Silver rejected in honour of deceased wrestler

Yogeshwar Dutt (in orange) competing in last month's Rio Olympics. The wrestler declined to upgrade his 2012 bronze to silver, as the original silver medallist has died from a car crash.
Yogeshwar Dutt (in orange) competing in last month's Rio Olympics. The wrestler declined to upgrade his 2012 bronze to silver, as the original silver medallist has died from a car crash.PHOTO: REUTERS

NEW DELHI • Indian wrestler Yogeshwar Dutt received news on Tuesday that he has been upgraded as an Olympics silver medallist.

But the very next day, he announced on Twitter that he would not accept the elevation because the original second-place finisher's positive dope test came after his death, reported the Indian Express.

The 33-year-old had bagged a bronze in the men's 60kg freestyle category at the 2012 London Games.

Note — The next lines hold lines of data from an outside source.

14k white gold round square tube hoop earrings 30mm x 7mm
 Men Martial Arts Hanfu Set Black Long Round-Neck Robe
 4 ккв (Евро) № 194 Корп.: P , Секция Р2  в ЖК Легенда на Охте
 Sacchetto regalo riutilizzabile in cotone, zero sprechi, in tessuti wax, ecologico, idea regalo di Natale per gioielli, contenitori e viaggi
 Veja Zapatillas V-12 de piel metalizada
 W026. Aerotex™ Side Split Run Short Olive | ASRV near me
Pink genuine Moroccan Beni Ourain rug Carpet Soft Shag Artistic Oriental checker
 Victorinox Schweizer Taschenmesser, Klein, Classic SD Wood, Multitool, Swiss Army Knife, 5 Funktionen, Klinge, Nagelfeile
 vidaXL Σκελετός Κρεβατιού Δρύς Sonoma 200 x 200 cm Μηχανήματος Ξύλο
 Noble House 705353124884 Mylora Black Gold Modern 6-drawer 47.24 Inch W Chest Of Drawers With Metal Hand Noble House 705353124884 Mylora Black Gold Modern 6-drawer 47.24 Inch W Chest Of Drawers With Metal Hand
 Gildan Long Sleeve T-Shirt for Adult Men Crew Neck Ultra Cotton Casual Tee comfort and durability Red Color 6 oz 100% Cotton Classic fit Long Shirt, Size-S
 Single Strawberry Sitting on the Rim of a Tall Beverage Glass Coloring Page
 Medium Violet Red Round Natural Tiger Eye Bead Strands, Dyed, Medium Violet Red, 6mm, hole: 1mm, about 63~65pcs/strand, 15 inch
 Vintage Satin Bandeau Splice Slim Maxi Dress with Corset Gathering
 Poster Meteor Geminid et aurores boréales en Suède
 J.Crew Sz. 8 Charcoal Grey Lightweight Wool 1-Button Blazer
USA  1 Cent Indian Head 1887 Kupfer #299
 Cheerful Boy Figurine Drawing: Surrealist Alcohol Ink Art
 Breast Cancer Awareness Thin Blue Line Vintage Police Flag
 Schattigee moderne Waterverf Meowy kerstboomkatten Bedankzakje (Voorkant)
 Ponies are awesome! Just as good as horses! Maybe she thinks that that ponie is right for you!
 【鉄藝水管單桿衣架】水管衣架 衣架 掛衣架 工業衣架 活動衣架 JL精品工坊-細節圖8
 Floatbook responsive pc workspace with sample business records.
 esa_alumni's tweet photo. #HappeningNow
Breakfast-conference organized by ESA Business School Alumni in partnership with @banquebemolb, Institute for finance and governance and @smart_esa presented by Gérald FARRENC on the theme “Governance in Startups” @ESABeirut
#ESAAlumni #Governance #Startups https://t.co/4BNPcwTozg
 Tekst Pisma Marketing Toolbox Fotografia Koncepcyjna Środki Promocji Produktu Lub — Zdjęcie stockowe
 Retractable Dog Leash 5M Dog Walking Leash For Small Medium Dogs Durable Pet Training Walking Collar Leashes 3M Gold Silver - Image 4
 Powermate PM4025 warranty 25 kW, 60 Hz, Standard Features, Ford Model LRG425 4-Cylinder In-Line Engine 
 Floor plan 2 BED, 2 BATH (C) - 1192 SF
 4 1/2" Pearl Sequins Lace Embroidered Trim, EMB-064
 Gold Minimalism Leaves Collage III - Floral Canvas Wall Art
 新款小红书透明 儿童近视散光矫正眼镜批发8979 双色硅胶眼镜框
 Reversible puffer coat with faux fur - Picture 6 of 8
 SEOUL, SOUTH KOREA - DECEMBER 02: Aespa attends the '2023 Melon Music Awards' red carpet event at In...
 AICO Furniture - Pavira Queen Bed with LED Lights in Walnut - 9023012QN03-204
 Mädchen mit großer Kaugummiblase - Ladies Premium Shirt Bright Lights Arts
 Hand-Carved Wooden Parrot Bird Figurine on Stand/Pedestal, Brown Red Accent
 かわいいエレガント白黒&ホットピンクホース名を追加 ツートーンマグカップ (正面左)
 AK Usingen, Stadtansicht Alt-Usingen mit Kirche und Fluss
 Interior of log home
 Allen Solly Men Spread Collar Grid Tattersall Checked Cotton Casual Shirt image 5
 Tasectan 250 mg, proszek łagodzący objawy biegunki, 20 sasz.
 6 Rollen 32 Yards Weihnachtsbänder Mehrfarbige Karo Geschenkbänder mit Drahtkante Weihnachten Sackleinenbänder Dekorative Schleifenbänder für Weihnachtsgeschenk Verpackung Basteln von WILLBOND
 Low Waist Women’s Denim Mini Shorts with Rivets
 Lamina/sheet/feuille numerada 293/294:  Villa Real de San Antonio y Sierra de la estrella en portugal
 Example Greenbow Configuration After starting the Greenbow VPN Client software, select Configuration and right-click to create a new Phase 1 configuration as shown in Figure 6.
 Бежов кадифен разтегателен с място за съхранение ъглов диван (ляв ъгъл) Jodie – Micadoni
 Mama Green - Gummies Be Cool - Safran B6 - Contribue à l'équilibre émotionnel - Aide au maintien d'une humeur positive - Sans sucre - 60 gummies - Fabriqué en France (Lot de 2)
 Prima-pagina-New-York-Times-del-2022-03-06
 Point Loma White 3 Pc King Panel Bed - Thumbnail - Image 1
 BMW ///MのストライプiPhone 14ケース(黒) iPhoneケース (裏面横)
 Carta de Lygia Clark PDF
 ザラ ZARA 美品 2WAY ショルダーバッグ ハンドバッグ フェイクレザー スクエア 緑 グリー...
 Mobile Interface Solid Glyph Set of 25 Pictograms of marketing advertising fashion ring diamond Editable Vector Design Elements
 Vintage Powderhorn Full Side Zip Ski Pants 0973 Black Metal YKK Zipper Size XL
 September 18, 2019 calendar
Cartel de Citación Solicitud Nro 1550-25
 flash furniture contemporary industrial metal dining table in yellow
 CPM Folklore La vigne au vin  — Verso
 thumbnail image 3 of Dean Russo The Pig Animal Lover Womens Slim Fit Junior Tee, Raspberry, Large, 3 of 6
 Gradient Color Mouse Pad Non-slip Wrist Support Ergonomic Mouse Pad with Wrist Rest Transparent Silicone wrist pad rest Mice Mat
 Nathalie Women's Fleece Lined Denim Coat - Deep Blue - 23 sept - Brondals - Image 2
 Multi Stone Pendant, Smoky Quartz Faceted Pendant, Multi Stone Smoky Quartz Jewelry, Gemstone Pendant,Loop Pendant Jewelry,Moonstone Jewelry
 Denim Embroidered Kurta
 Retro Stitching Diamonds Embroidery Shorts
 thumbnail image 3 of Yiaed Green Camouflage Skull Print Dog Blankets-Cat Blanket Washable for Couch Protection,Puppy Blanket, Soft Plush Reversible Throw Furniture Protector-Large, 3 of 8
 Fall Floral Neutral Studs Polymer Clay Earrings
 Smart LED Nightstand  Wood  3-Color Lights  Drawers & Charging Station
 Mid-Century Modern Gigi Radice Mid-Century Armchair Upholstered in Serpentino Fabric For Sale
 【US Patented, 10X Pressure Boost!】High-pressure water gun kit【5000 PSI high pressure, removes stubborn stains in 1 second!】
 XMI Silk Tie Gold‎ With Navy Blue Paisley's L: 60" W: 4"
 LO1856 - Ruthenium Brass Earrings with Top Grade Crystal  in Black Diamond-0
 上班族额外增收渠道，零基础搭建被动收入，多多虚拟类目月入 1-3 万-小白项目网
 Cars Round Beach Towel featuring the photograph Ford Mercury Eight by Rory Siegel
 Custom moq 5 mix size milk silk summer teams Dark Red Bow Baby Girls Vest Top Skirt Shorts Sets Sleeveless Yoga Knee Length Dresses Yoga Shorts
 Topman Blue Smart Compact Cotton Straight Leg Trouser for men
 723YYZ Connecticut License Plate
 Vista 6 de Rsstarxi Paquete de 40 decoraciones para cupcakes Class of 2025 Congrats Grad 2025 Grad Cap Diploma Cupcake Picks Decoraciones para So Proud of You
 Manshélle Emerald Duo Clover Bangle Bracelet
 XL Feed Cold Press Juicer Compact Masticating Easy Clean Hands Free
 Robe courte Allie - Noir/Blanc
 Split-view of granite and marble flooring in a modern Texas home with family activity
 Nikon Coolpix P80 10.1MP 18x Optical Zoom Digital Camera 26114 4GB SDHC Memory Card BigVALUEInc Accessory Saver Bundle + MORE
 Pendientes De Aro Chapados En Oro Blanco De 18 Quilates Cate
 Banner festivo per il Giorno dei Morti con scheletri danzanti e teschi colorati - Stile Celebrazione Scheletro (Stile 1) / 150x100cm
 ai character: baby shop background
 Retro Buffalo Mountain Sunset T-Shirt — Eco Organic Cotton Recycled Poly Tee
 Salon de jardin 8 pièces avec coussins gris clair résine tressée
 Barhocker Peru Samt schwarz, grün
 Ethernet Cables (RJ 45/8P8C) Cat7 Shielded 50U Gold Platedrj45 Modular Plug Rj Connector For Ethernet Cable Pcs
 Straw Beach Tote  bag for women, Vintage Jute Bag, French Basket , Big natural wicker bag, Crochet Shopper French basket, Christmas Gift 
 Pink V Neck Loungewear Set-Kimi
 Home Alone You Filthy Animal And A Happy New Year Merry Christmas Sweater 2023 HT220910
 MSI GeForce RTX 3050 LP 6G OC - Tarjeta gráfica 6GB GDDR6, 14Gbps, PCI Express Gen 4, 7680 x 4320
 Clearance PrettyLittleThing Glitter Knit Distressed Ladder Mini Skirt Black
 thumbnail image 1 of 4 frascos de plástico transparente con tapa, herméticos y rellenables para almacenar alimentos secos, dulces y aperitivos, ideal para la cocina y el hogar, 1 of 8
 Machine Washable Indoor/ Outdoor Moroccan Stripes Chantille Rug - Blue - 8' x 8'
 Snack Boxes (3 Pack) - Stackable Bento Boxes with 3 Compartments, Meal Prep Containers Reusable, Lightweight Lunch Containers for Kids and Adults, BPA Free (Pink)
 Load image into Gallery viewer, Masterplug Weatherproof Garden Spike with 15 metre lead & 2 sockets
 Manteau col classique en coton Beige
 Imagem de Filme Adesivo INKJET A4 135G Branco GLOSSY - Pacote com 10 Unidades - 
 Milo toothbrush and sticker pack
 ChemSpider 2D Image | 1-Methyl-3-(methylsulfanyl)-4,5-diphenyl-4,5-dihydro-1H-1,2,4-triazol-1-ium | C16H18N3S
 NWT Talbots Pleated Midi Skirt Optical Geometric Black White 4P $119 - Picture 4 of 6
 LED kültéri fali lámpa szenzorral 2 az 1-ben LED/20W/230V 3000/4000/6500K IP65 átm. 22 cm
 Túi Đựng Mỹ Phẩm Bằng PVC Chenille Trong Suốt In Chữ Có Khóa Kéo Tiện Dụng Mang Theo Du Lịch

But he was elevated to silver status after Russia's Besik Kudukhov failed a World Anti-Doping Agency dope test conducted on his sample from 2012 before the recently-concluded Rio Olympics.

Dutt, who had bowed out in the first round of the 65kg freestyle competition at the Rio Games, had lost to Kudukhov in the pre-quarter-finals in London.

But, once the Russian advanced to the final, Dutt got another chance in the repechage round and defeated Franklin Gomez of Puerto Rico, Masoud Esmaeilpour of Iran and Ri Jong Myong of North Korea to claim bronze.

In 2013, four-time world champion and two-time Olympic medallist Kudukhov died in a car crash in southern Russia.

"Besik Kudukhov was a magnificent wrestler," said Dutt in his Twitter post.

"His dope test returning positive after his death is very sad. As a wrestler, I respect him.

"If possible he must be allowed to keep the medal. It will keep his family's honour intact. For me, humanity is above everything else."

Dutt also told ESPN that the silver upgrade, rather than bring him joy, had kept him awake at night.

"I had heard about his death in 2013 and if Kudukhov was alive it was a different thing but he is no more," the Indian wrestler said.

"Yesterday I thought about his parents and his family. We can't do anything for them who today only have his memories with them.

"Whether he failed his dope test or not, that medal should stay with his family. That medal contains special memories for his family, that is all they have of him.

"I would not like that medal or anything taken away from his family through which they remember him."